Trump Larang 8 Aplikasi Pembayaran Tiongkok Dipergunakan di AS, dari Alipay hingga WeChat

    Angga Bratadharma - 07 Januari 2021 08:46 WIB
    Trump Larang 8 Aplikasi Pembayaran Tiongkok Dipergunakan di AS, dari Alipay hingga WeChat
    Presiden Amerika Serikat Donald Trump. FOTO: AFP
    Washington: Presiden Amerika Serikat (AS) Donald Trump menandatangani perintah eksekutif yang melarang transaksi menggunakan delapan aplikasi perangkat lunak Tiongkok termasuk Alipay dari Ant Group. Langkah Trump lagi-lagi meningkatkan ketegangan dengan Beijing sebelum Presiden terpilih Joe Biden menjabat bulan ini.

    "Perintah tersebut memberikan tugas kepada Departemen Perdagangan AS dengan menentukan transaksi mana yang akan dilarang berdasarkan arahan dan menargetkan QQ Wallet Tencent Holdings dan juga pembayaran melalui WeChat," kata seorang pejabat senior administrasi, dilansir dari Channel News Asia, Kamis, 7 Januari 2021.

    Langkah yang diambil Trump diklaim bertujuan untuk membatasi ancaman terhadap orang Amerika Serikat yang ditimbulkan oleh aplikasi perangkat lunak Tiongkok, yang memiliki basis pengguna besar dan akses ke data sensitif.

    Perintah eksekutif yang dirilis oleh Gedung Putih yakni melarang delapan aplikasi untuk digunakan seperti Alipay, CamScanner, QQ Wallet, SHAREit, Tencent QQ, VMate, WeChat Pay, dan WPS Office.

    Seorang pejabat AS mencatat perintah itu memberi Departemen Perdagangan waktu 45 hari untuk bertindak.

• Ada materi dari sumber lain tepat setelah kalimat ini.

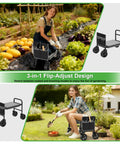 Three In One Rollin Garden Stool With 360 Degree Wheels Foldable Kneeler And Seat Extendable Legs Thick Cushioned Pad And Built In Tool Pouches Heavy Duty Garden Bench For Seniors Converts From Kneeler To Cart To Stand Up Seat shown in use in garden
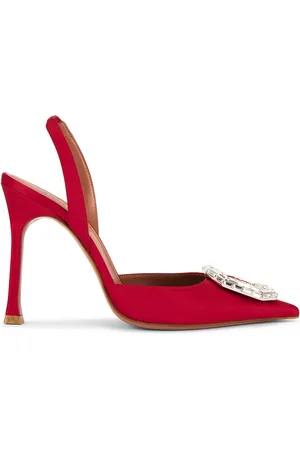 Amina Muaddi Camelia 105 Satin Sling Pump In in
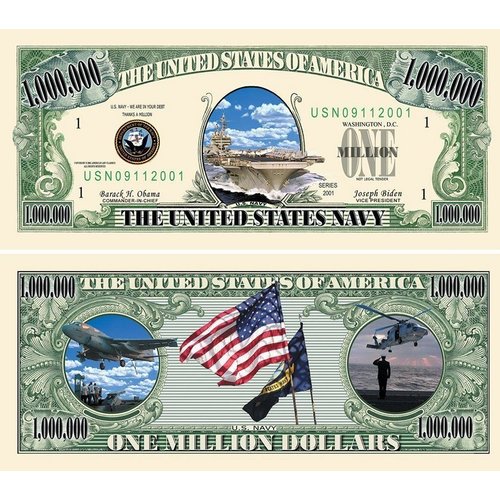 5 US Navy Million Dollar Bills with Bonus “Thanks a Million” Gift Card Set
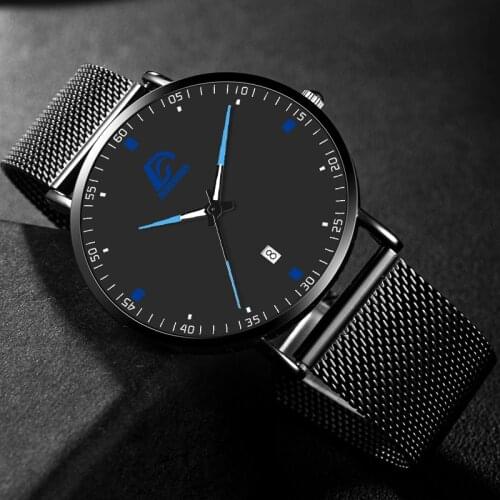 Fashion Men Watches Luxury Business Quartz Wrist Watch Minimalist Mens Ultra-thin Stainless Steel Mesh Belt Clock reloj hombre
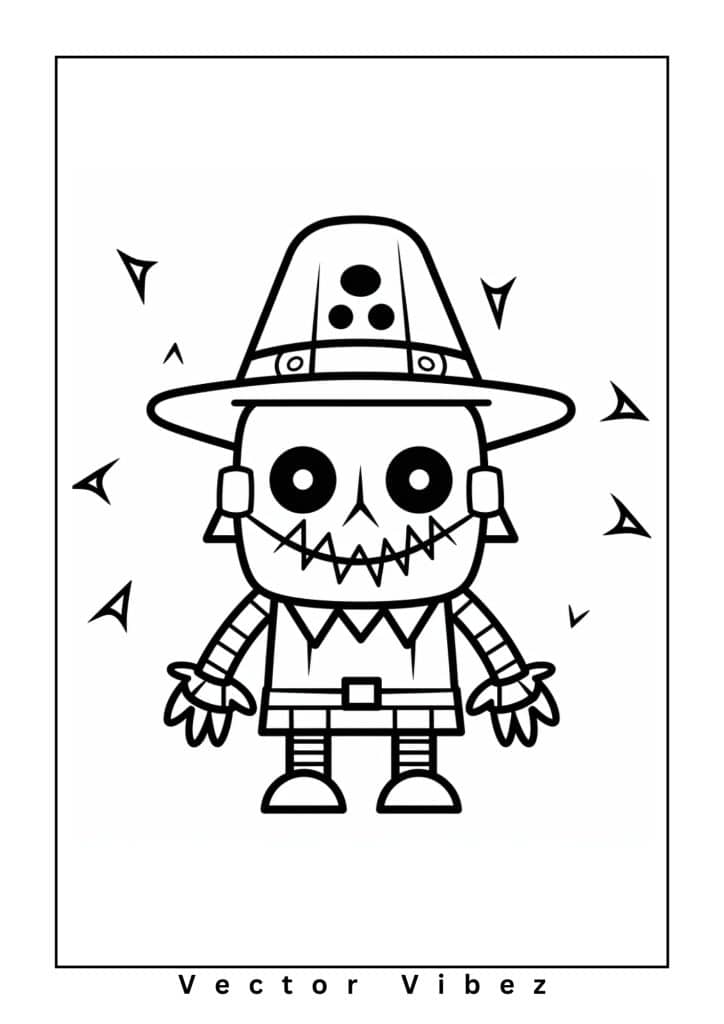 black and white scarecrow coloring page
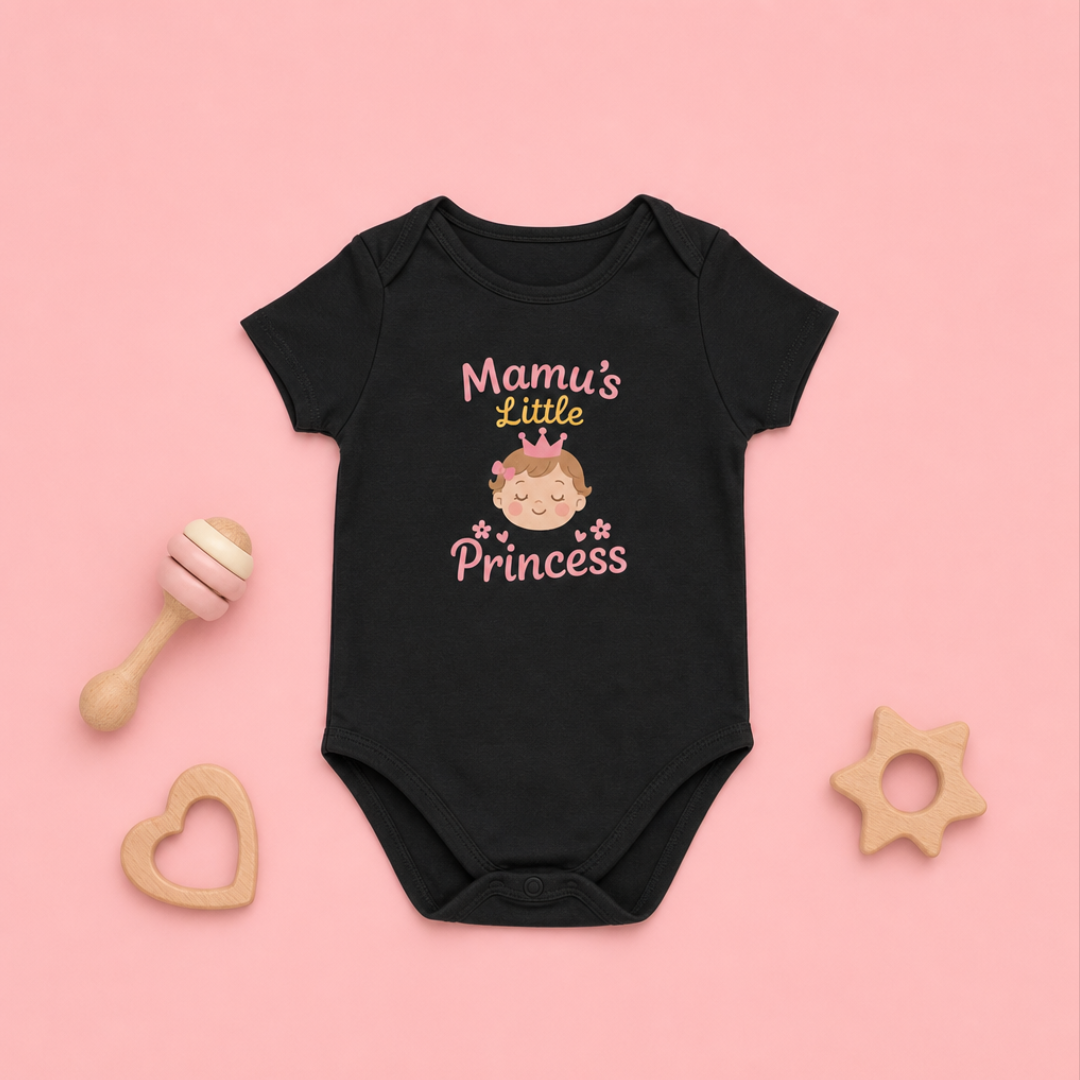 "Mamu's Little Princess" Baby Onesie - Black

Meski demikian, Departemen Perdagangan AS berencana melakukan tindakan sebelum 20 Januari ketika Trump meninggalkan Kantor Kepresidenan guna mengidentifikasi transaksi mana saja yang dilarang.

    Setiap transaksi yang dilarang oleh administrasi Trump kemungkinan akan menghadapi tantangan dari pengadilan. Hal itu seperti yang dialami Departemen Perdagangan AS sebelumnya ketika ada perintah eksekutif yang melarang transaksi menggunakan WeChat dan pemblokiran TikTok.

    Pejabat lain mengatakan perintah tersebut mencerminkan tindakan Trump sebelumnya terhadap aplikasi milik Tiongkok, WeChat dan TikTok. Sementara itu, Menteri Perdagangan AS Wilbur Ross mendukung komitmen Trump untuk melindungi privasi dan keamanan orang Amerika dari ancaman yang ditimbulkan oleh Partai Komunis Tiongkok.

    (ABD)

    Bagaimana tanggapan anda mengenai artikel ini?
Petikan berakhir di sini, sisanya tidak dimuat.